Hakkımda ‘çete’, ‘kedi katili’ gibi ifadeler kullanılıyor. Bir kediyi iple boğduğuma dair video olduğu söyleniyor. Böyle bir şey yok. Telefonumda böyle bir kayıt yok. Eğer kedi katili olsam sokakta milyonlarca kedi var, gidip milletten kedi sahiplenmem. Allah şahidim olsun, bilerek ve isteyerek hiçbir canlıya zarar vermedim. Sadece tırnak kesme meselesi var, onu kabul ediyorum. Onun dışında hiçbir canlıya bilerek zarar vermedim. Bir kedi vardı, beni hiç sevmedi, sürekli hırlıyordu. Onu bir kez sokağa bıraktım. Daha sonra başka birinden iki kardeş kedi aldım, köye götürüleceklerini söyleyerek verdim. Bir başka kedi balkondan kaçtı. Geri kalan kedileri de kendim sokağa bıraktım.
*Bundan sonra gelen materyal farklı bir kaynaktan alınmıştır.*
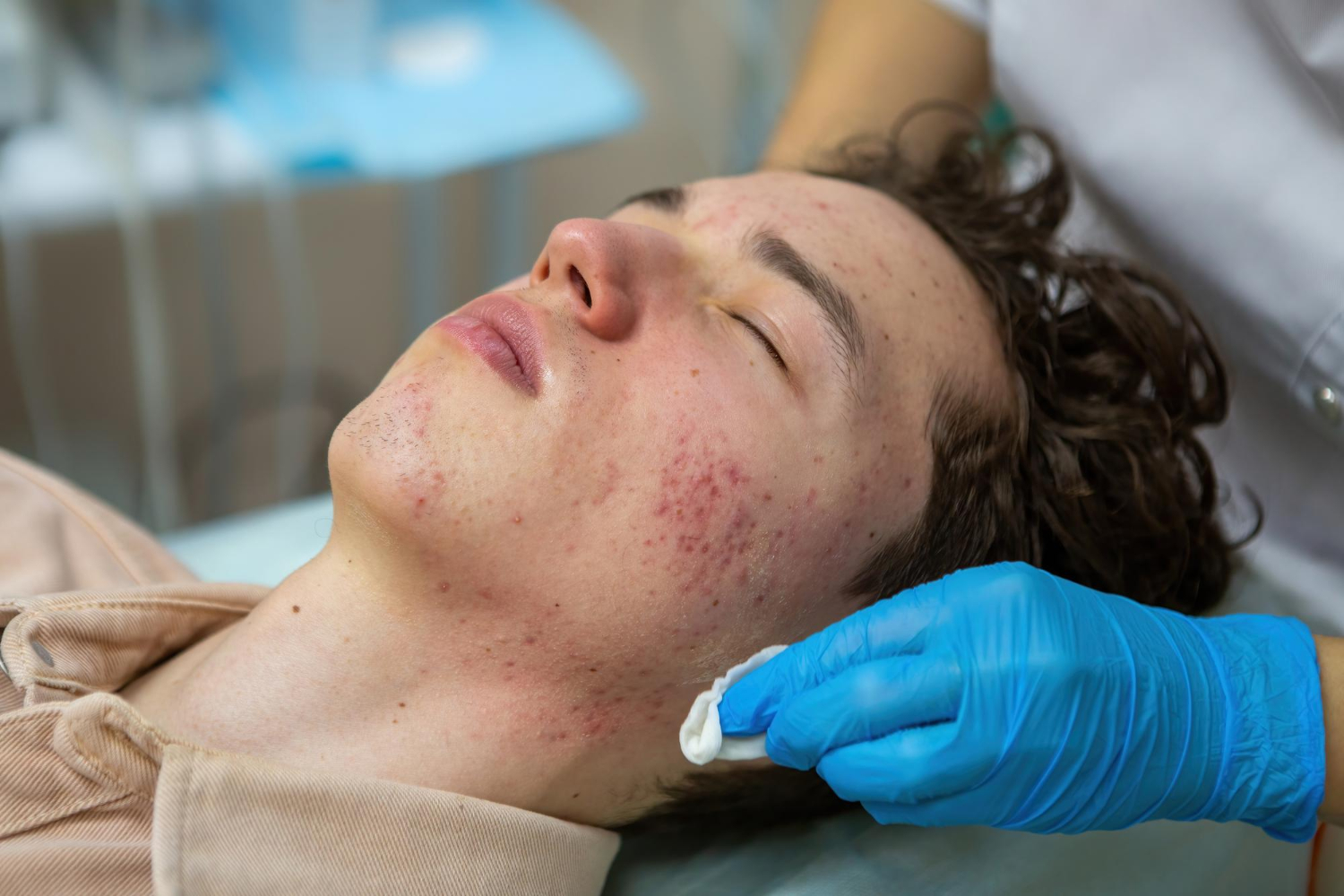 Acne Scars Treatments in de Felipe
Telefon numaram iznim olmadan paylaşıldı. Yarından tezi yok Cumhuriyet Savcılığı’na gideceğim. Beni anlamadan, dinlemeden yazan herkesi şikâyet edeceğim.
Bugüne kadar uğraşmak istemedim. Yaşlıyım, asgari ücretle geçiniyorum. Masraflar nedeniyle sustum. Çok gücüme gitti.
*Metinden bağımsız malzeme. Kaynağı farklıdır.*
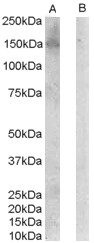 ERBB3 / HER3 Antibody - ERBB3 / HER3 antibody (0.1ug/ml) staining of Jurkat lysate (35ug protein in RIPA buffer) with (B) and without (A) blocking with the immunising peptide. Detected by chemiluminescence.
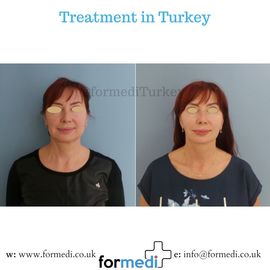 Face Lift Surgery formedi Turkey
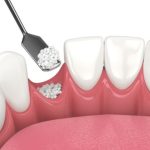 Dental Bone Grafting: What to Expect and How It Can Improve Your Smile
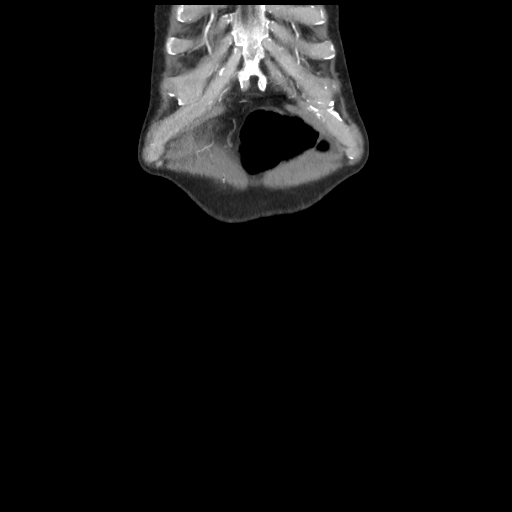 Cecal volvulus (Radiopaedia 89212-106088 D 3).jpg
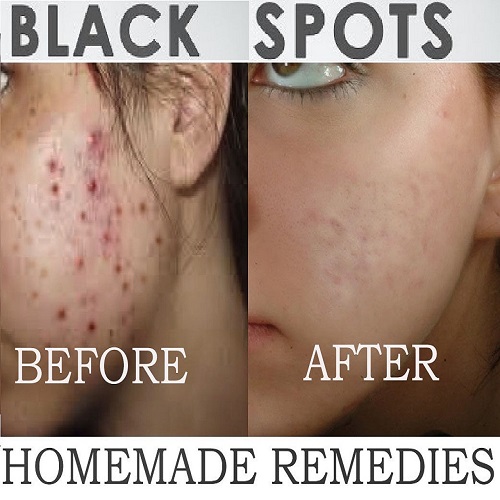 Clear Acne Marks  Dark scars  Pimple spotsss.jpg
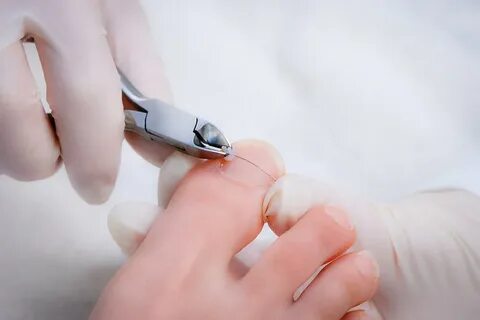 Foto - Birçok kişinin başına geliyor İşte tırnak batmasını önlemenin 5 yolu!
Kedileri çok seviyorum. Kendimi alıkoyamıyorum, bağımlılık gibi oldu. Bugüne kadar en fazla 10–15 kedi sahiplendim. Bunların en fazla 5’ini sokağa bırakmışımdır. Kaçan kediler oldu. Dün de bir kedi kaçtı, sahibini arayıp durumu söyledim. Sürekli dışarı çıkıp arıyorum, içim rahat etmiyor. Kendimi suçluyorum. Evde tutmak da dışarı bırakmak da ayrı dert. Buna rağmen alıyorum. Bundan sonra asla kedi almayacağım. Söz veriyorum. Eskiden köpek de alıyordum. Kredi çekip cins köpek alıyordum, birkaç ay sonra satıyordum. Sonra bunu bıraktım, yavru kedi sahiplenmeye başladım. Artık hayvan almayacağım.”